1) The provided equation is a first-order nonlinear ordinary differential equation in the form of dy/dx = (x^2 -1) / (3y^2), which can be written as 3y^2 dy/dx = x^2 - 1.

2) Recognizing that this equation is of the method of separable variables because each side of the equation includes only one of the variables (x's and y's).

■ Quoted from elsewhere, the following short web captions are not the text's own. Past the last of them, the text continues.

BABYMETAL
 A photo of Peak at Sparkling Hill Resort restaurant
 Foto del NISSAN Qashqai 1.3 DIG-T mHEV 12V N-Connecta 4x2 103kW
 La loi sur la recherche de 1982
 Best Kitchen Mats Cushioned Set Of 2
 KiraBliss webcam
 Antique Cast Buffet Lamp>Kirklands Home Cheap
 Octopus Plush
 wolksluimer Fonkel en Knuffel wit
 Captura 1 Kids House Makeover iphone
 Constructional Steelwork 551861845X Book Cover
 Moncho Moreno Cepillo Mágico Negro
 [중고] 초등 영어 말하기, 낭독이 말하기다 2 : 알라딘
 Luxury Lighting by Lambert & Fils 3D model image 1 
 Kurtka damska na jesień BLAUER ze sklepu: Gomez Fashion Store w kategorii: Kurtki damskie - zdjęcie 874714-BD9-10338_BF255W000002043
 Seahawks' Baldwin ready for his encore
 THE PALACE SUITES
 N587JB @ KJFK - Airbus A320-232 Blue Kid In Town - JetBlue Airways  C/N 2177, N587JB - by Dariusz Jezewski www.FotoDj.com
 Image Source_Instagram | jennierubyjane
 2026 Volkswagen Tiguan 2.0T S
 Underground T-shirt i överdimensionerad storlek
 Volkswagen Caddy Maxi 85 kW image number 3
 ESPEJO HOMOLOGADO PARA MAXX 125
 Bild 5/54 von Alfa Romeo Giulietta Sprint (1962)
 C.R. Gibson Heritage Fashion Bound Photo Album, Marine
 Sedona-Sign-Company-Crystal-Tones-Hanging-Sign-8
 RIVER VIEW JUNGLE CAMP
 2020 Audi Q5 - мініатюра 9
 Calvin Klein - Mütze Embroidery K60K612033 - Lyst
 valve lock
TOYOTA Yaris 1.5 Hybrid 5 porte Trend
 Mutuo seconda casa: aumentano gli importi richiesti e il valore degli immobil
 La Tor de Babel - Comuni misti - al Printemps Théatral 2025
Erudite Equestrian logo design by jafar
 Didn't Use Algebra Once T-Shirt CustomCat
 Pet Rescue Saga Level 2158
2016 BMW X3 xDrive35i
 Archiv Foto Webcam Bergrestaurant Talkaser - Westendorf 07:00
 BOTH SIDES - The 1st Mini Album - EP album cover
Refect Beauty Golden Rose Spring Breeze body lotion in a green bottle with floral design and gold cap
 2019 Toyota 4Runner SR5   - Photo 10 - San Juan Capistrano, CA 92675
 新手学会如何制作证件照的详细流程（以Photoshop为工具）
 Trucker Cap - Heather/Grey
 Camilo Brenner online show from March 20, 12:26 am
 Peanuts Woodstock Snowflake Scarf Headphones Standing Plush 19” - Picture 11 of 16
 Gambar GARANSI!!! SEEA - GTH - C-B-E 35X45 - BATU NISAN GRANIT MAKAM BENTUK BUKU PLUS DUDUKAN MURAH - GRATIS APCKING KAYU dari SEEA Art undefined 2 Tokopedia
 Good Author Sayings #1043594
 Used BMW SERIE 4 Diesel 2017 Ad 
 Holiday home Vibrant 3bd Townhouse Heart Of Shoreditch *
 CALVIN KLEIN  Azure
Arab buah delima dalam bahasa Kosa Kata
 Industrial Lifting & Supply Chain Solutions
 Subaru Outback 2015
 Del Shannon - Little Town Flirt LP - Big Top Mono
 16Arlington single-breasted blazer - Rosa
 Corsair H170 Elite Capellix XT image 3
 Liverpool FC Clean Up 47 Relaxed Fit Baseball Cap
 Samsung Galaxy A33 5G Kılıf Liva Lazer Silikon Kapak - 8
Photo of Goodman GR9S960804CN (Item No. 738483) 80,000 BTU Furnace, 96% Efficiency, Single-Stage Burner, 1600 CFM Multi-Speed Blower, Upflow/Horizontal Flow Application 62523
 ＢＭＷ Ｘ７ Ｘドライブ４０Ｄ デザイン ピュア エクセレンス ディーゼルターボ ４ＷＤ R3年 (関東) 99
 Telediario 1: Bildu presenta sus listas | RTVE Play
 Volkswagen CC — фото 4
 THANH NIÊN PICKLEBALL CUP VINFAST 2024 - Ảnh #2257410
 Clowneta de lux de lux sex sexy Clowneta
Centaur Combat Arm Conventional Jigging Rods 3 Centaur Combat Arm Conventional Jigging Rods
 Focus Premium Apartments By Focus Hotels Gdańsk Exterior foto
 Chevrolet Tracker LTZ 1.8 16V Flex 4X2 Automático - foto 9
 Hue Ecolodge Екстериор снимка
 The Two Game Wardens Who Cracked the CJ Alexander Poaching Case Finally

To solve this equation, we will aim to express it in the form Y(y) dy = X(x) dx, which can then be integrated each side separately.

3) Rearrange the equation to have all terms involving x and dx on one side, and all terms involving y and dy on the other: 3y^2 dy = (x^2 - 1) dx

4) The differential equation is now in separable form and we can integrate both sides separately:
The integral of (3y^2) dy = y^3 + C (where C is the constant)
The integral of (x^2 - 1) dx = (x^3/ 3) - x + D (where D is another constant)

5) We can then set both sides of the equation equal to each other to solve for y in terms of x. However, the C and D constants are irrelevant as they will collapse into a single constant E when we subtract one side from the other:

y^3 = (x^3/ 3) - x + E

6) Having got this far, we now need to use the initial condition provided, f(3) = 2, to solve for E:

2^3 = (3^3/ 3) - 3 + E
E = 8 - 9 + 3
E = 2

So,

y^3 = (x^3/ 3) - x + 2

7) Simplifying gives:

y = [(x^3/ 3) - x + 2]^(1/3)

So the particular solution which satisfies the initial condition f(3) = 2 is y = [(x^3/ 3) - x + 2]^(1/3)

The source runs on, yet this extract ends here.